Second, a burgeoning apostate church precedes the second coming of Jesus. As we witness more denominations, Christian leaders, and churches dismiss God’s word as antiquated and allow the culture to inform its doctrine, Christ’s return draws closer. While I prefer to see the church in her entirety remain faithful to the Lord, Scripture makes clear that many will fall away from the faith in the end times and false doctrine will flourish. So we can know that an expanding apostasy in the church foreshadows Jesus’ arrival on earth.
Finally, as hedonism explodes across the culture and envelopes almost everything in its path, the lifestyle and behavior of faithful believers offers an increasingly stark contrast. Light shines brightest where the darkness is greatest. As the salt of this world, Christians can preserve our nation and prevent its eventual decay. With that in mind, society’s embrace of debauchery, selfishness, and moral relativity ought not discourage or frustrate but rather inspire us.
We have an historical opportunity to impact our nation for Christ unlike any other generation before us. The gulf between the cultural worldview and the biblical worldview has never been greater. Now is the time for all believers to commit themselves fully to living out all of Jesus’ teachings with reckless abandon.
– Demonstrate love to a world that hates and despises us.
– Display humility to those who treat us with contempt and want to kick us to the curb.

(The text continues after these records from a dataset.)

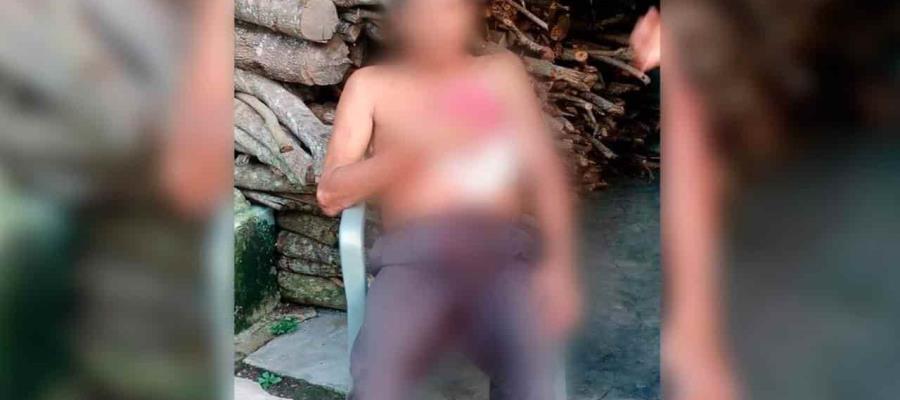 Machetean a sujeto en la ranchería Huimango, Cunduacán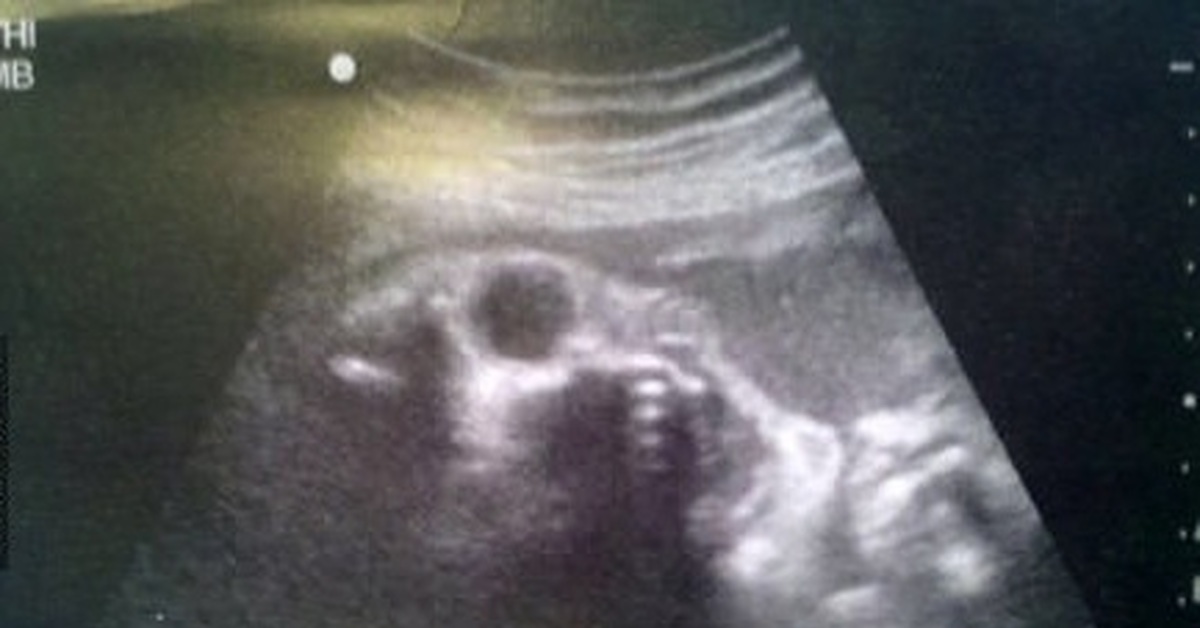 Мальчик 20 недель беременности. УЗИ 17 недель беременности мальчик. Ребёнок в утробе матери УЗИ. Страшные снимки УЗИ беременных.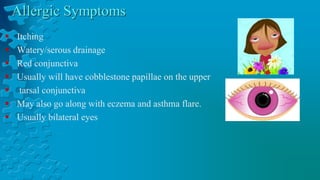  Itching
 Watery/serous drainage
 Red conjunctiva
 Usually will have cobblestone papillae on the upper
 tarsal conjunctiva
 May also go along with eczema and asthma flare.
 Usually bilateral eyes
 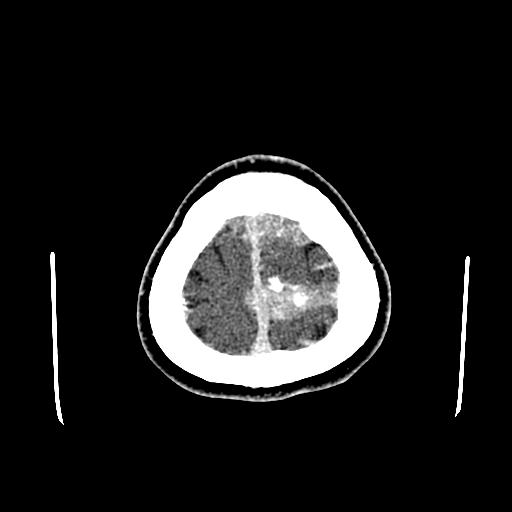 File:Neurofibromatosis type 2 (Radiopaedia 25389-25637 Axial C+ 95).jpg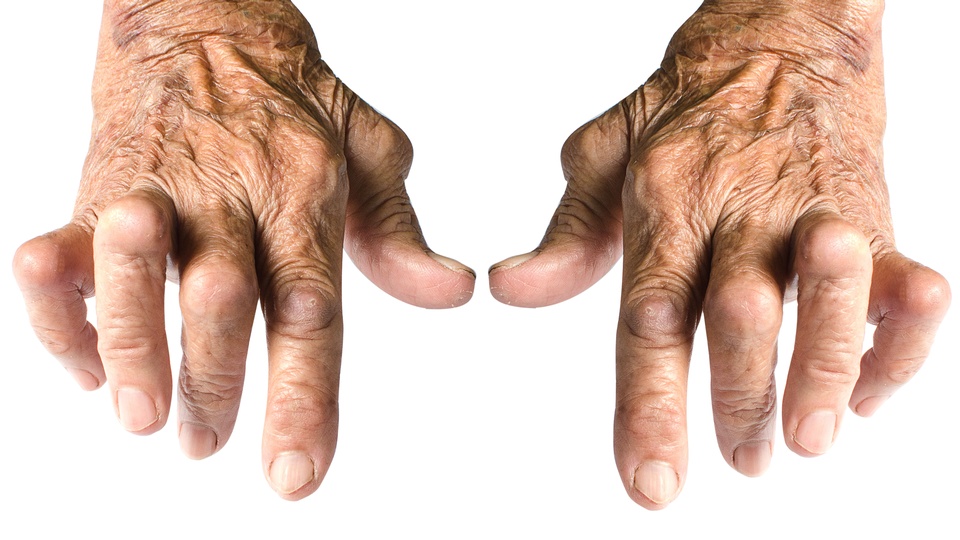 Arthritis © Shutterstock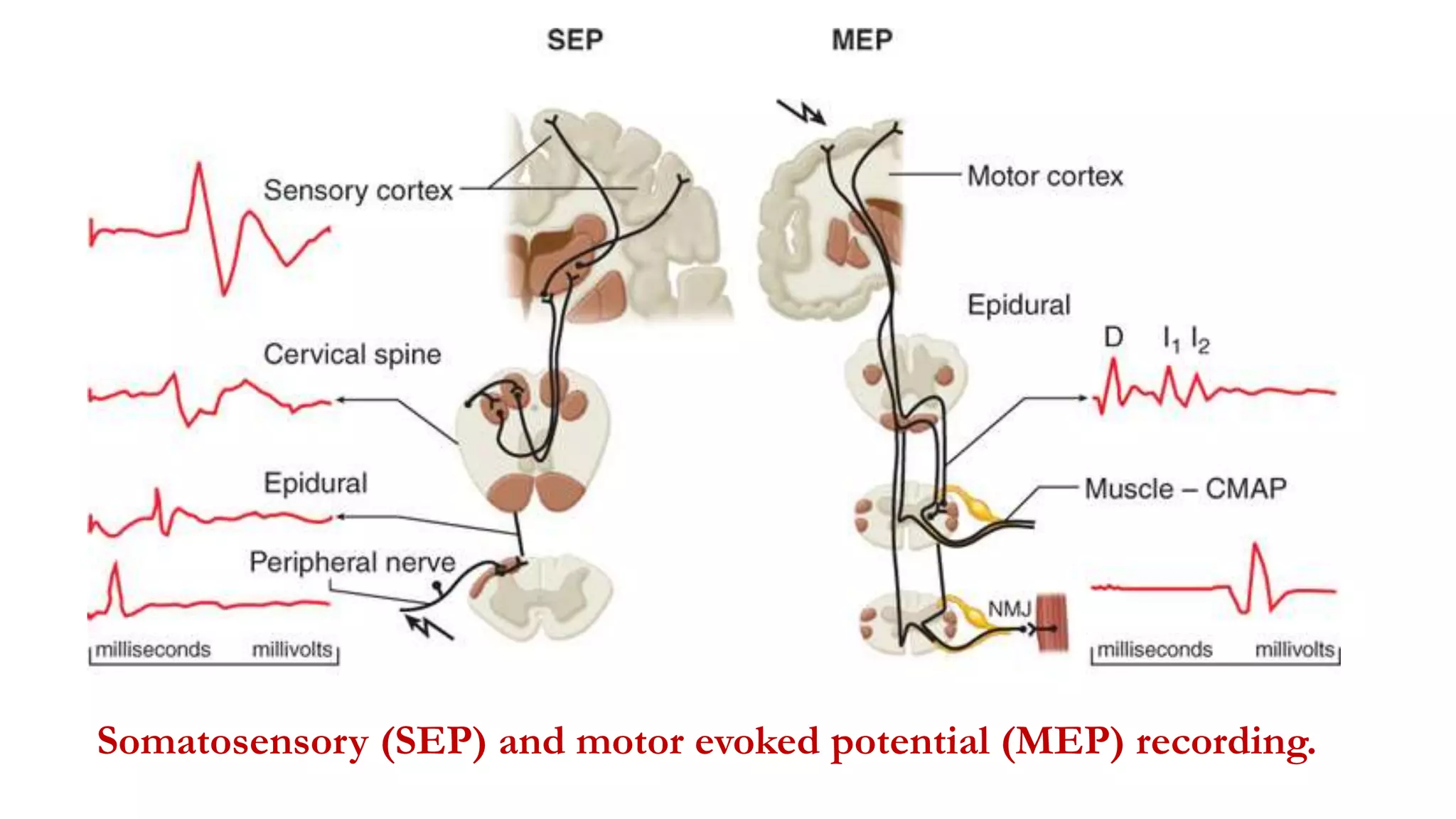 Somatosensory (SEP) and motor evoked potential (MEP) recording.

– Remain steadfast and have the backbone to boldly proclaim your faith in Christ and commitment to His Lordship.
– Share God’s mercy, grace, and forgiveness with a society in desperate need for it but which is resolute in rejecting it.

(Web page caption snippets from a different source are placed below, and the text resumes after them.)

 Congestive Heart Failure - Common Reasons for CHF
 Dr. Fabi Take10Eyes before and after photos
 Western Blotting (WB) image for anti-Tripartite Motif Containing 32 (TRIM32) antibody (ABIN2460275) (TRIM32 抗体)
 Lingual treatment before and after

– Articulate biblical principles with gentleness and courage when discussing culture, current events, policy, and matters of societal importance.
– Offer hope, peace, and joy to those around you even when they insist on pursuing activities that bring despair, restlessness, and dissatisfaction.
– Follow Jesus’ example by holding firm to truth while expressing it with acts of kindness, generosity, and love.
As we live out the gospel with renewed vigor, we can help stem the tide of moral relativity and preserve our great nation for another generation.